UN Using Blockchain to Promote Transparency in Rebuilding Process in Afghanistan (Newsbtc)
The United Nations will reportedly use blockchain technology as part of its efforts to aid the redevelopment of Afghanistan. The plan forms part of the supranational body’s “City for All” programme aimed at modernising the infrastructure of the nation’s urban centres.
Blockchain technology is hoped to bring much-needed transparency to the redevelopment process. The management of Land Records is one area that the immutable data sharing innovation will be used in.
Blockchain Technology Finds Use in UN’s Afghanistan Efforts
According to a report in technology news publication Sociable, blockchain technology will be put to use by the United Nations Office of Communication and Information Technologies (UN-OICT) in Afghanistan.
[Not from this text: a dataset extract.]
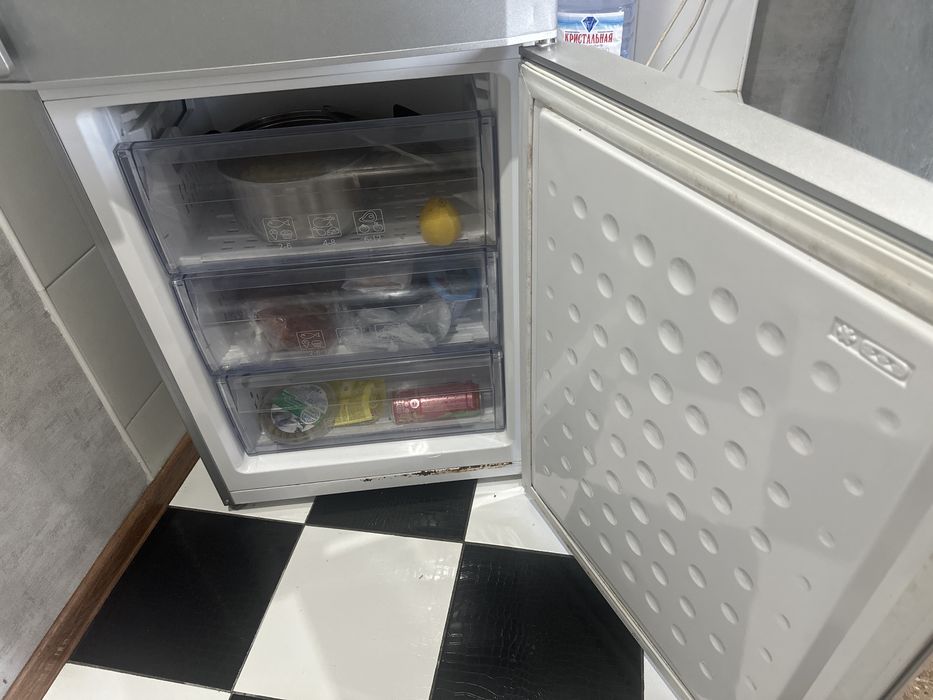 Продам холодильник Beko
The plan is to use the technology to help the government keep track of its Land Records in a transparent and secure fashion.
Spokesperson for the UN Secretary-General Stephane Dujarric stated that the United Nation’s urban development department, UN-Habitat, would be working alongside the Afghani government as part of its “City for All” programme.
The programme states that there are three components needed for a peace and subsequent development in the nation’s urban centres. These are effective land management, strategic urban planning, and improved municipal finance and governance.
Dujarric went on to comment directly on use of blockchain technology to help the Afghan government with the redevelopment process of the nation’s urban centres:
“The blockchain solution shall serve as a key tool in the delivery of these fundamental components.”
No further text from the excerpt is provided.